The whole listing should come back exactly as written, except for the pictures.

[Opening Records for the exercise section]

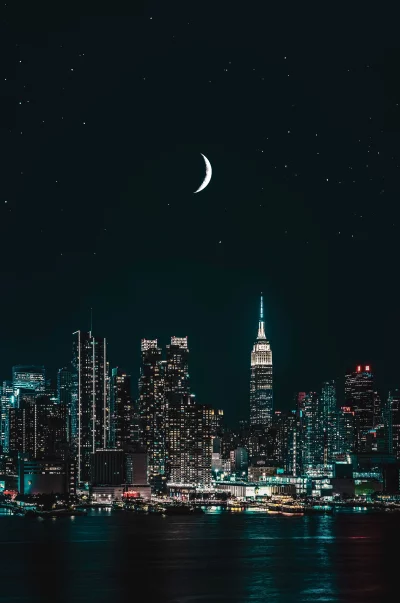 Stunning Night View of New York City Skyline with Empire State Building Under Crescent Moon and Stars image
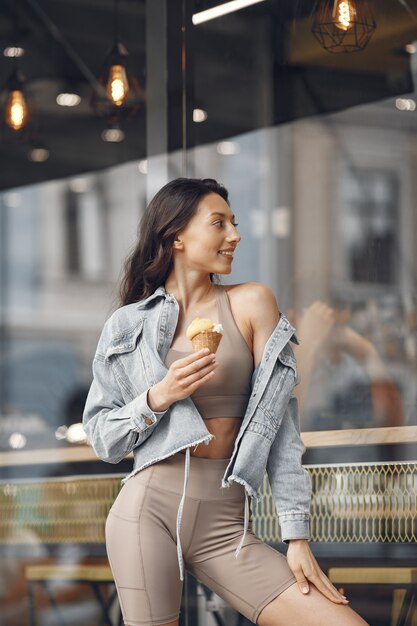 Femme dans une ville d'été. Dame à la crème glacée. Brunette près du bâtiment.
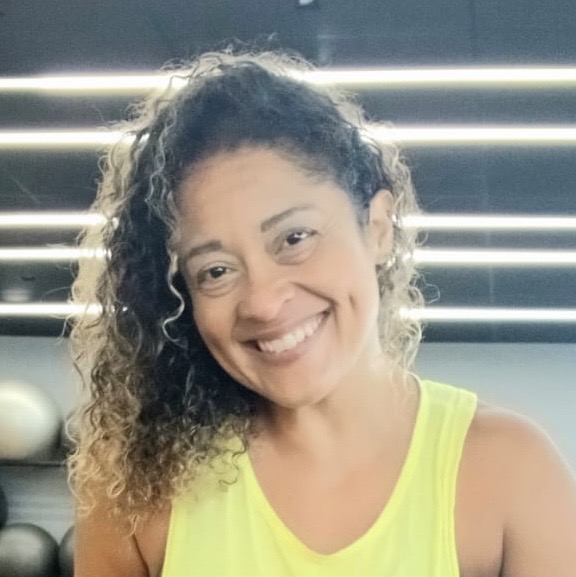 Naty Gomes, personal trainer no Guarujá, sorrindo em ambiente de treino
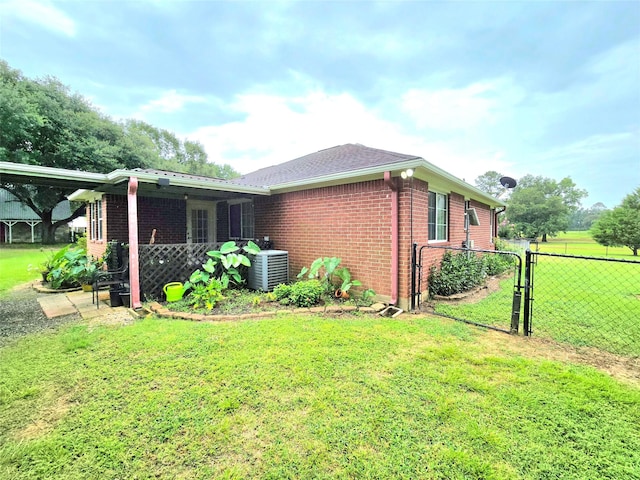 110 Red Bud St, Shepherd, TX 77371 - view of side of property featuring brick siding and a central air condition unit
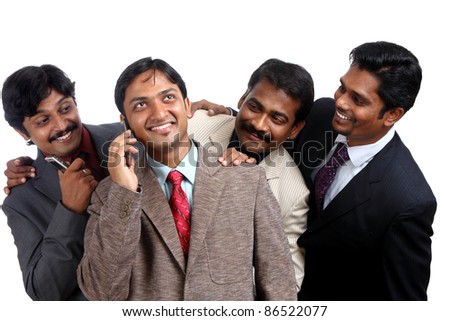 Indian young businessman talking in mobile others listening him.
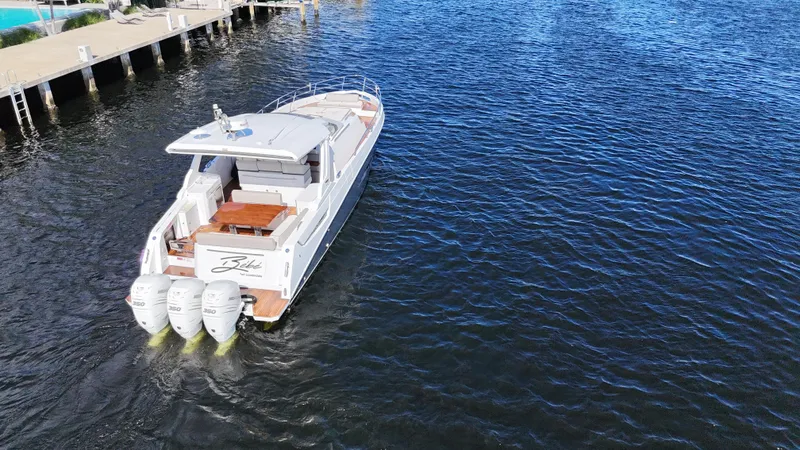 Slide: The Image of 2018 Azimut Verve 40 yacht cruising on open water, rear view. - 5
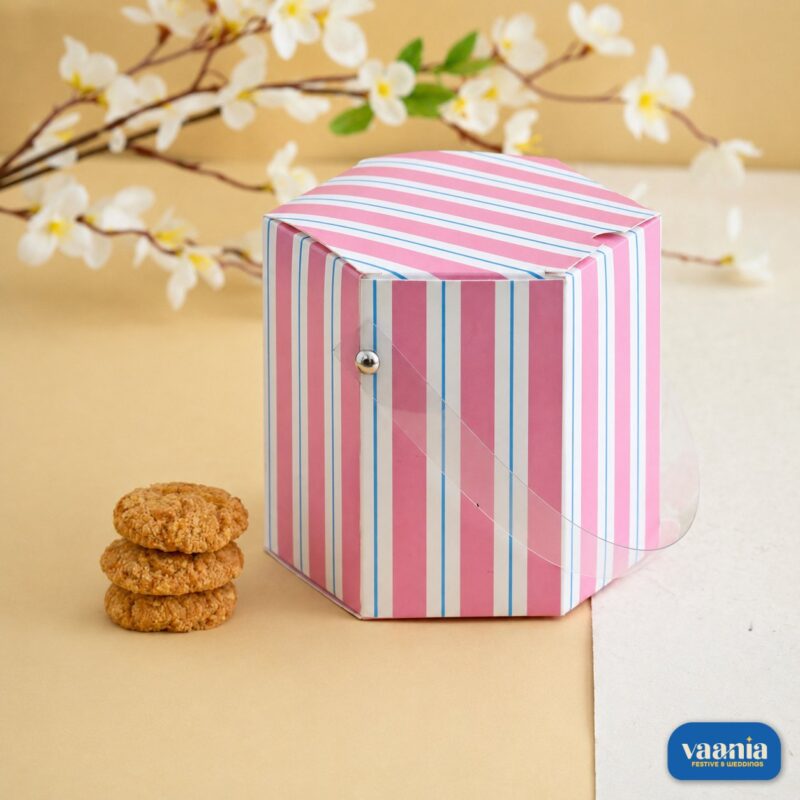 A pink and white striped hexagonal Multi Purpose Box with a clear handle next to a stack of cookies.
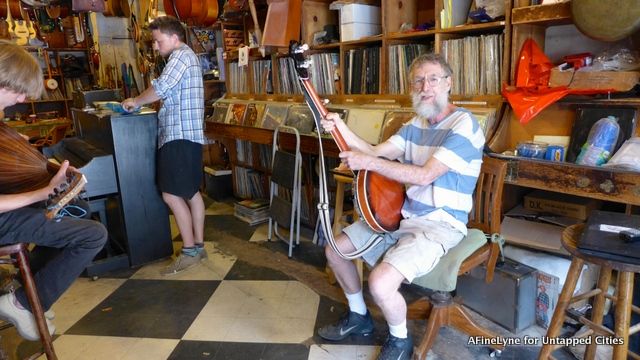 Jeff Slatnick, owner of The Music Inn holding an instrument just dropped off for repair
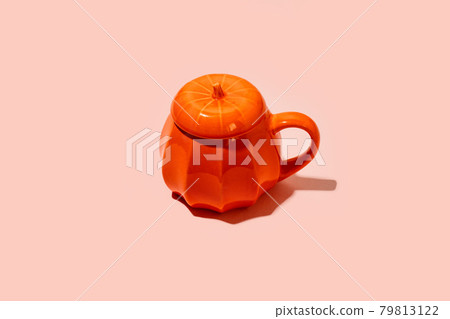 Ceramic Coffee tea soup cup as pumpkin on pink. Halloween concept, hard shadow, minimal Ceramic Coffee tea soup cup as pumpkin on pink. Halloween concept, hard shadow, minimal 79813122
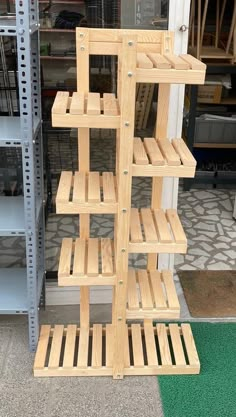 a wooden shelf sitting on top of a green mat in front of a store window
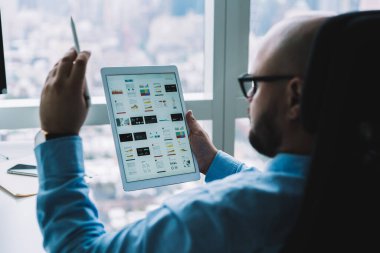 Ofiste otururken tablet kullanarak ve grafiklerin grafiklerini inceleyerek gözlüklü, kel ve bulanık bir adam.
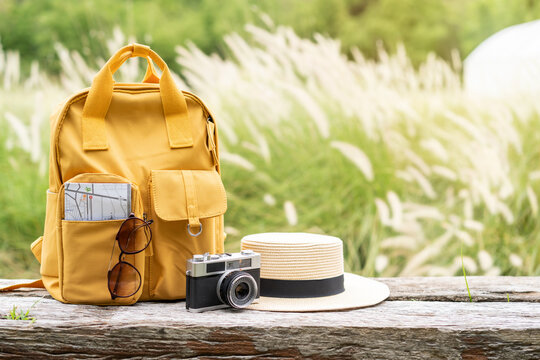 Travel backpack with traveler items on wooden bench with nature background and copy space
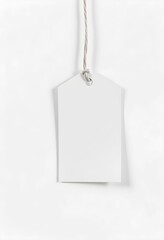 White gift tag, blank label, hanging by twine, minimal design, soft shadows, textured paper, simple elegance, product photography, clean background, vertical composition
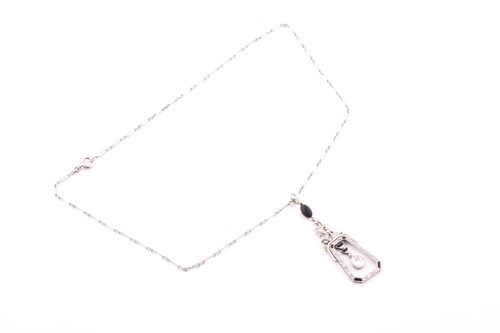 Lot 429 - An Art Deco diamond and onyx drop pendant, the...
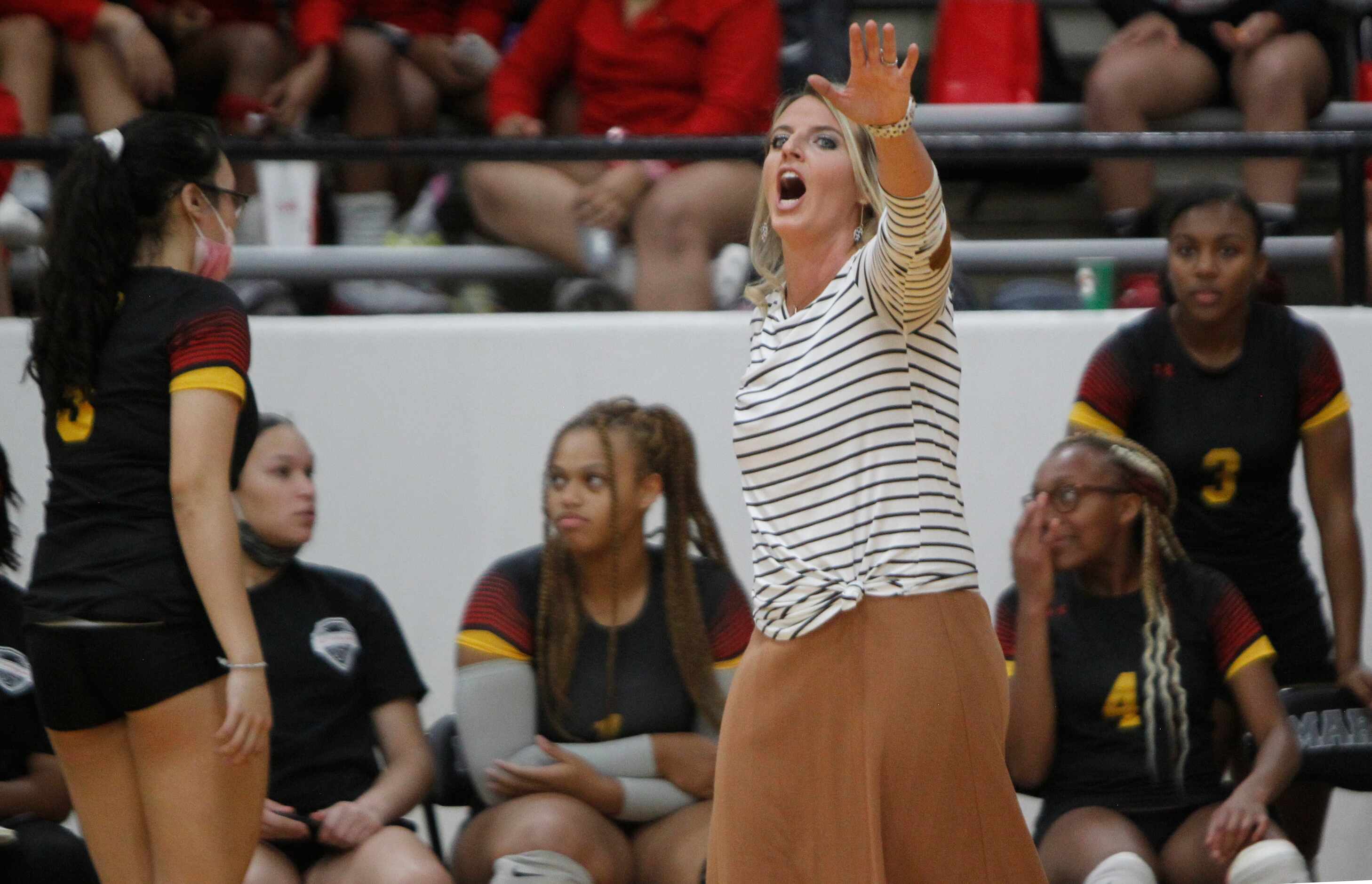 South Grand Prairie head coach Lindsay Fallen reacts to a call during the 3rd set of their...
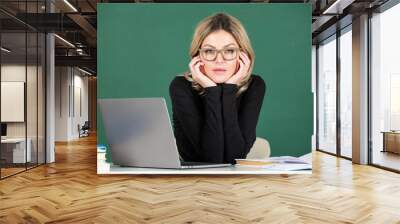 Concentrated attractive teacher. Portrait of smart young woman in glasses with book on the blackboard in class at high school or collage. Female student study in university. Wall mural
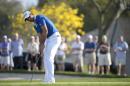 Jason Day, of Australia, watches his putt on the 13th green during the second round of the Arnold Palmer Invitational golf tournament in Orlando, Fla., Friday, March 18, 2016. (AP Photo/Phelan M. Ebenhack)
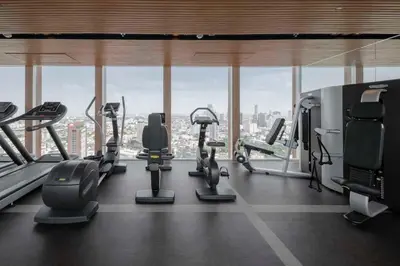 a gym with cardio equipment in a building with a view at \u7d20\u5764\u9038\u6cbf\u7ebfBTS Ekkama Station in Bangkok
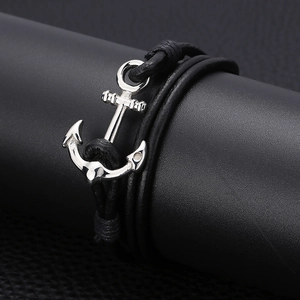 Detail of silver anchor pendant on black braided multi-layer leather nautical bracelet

[Closing Records for the exercise section]

◆ Response area:
 Stunning Night View of New York City Skyline with Empire State Building Under Crescent Moon and Stars image
 Femme dans une ville d'été. Dame à la crème glacée. Brunette près du bâtiment.
 Naty Gomes, personal trainer no Guarujá, sorrindo em ambiente de treino
 110 Red Bud St, Shepherd, TX 77371 - view of side of property featuring brick siding and a central air condition unit
 Indian young businessman talking in mobile others listening him.
 Slide: The Image of 2018 Azimut Verve 40 yacht cruising on open water, rear view. - 5
 A pink and white striped hexagonal Multi Purpose Box with a clear handle next to a stack of cookies.
 Jeff Slatnick, owner of The Music Inn holding an instrument just dropped off for repair
 Ceramic Coffee tea soup cup as pumpkin on pink. Halloween concept, hard shadow, minimal Ceramic Coffee tea soup cup as pumpkin on pink. Halloween concept, hard shadow, minimal 79813122
 a wooden shelf sitting on top of a green mat in front of a store window
 Ofiste otururken tablet kullanarak ve grafiklerin grafiklerini inceleyerek gözlüklü, kel ve bulanık bir adam.
 Travel backpack with traveler items on wooden bench with nature background and copy space
 White gift tag, blank label, hanging by twine, minimal design, soft shadows, textured paper, simple elegance, product photography, clean background, vertical composition
 Lot 429 - An Art Deco diamond and onyx drop pendant, the...
 South Grand Prairie head coach Lindsay Fallen reacts to a call during the 3rd set of their...
 Concentrated attractive teacher. Portrait of smart young woman in glasses with book on the blackboard in class at high school or collage. Female student study in university. Wall mural
 Jason Day, of Australia, watches his putt on the 13th green during the second round of the Arnold Palmer Invitational golf tournament in Orlando, Fla., Friday, March 18, 2016. (AP Photo/Phelan M. Ebenhack)
 a gym with cardio equipment in a building with a view at \u7d20\u5764\u9038\u6cbf\u7ebfBTS Ekkama Station in Bangkok
 Detail of silver anchor pendant on black braided multi-layer leather nautical bracelet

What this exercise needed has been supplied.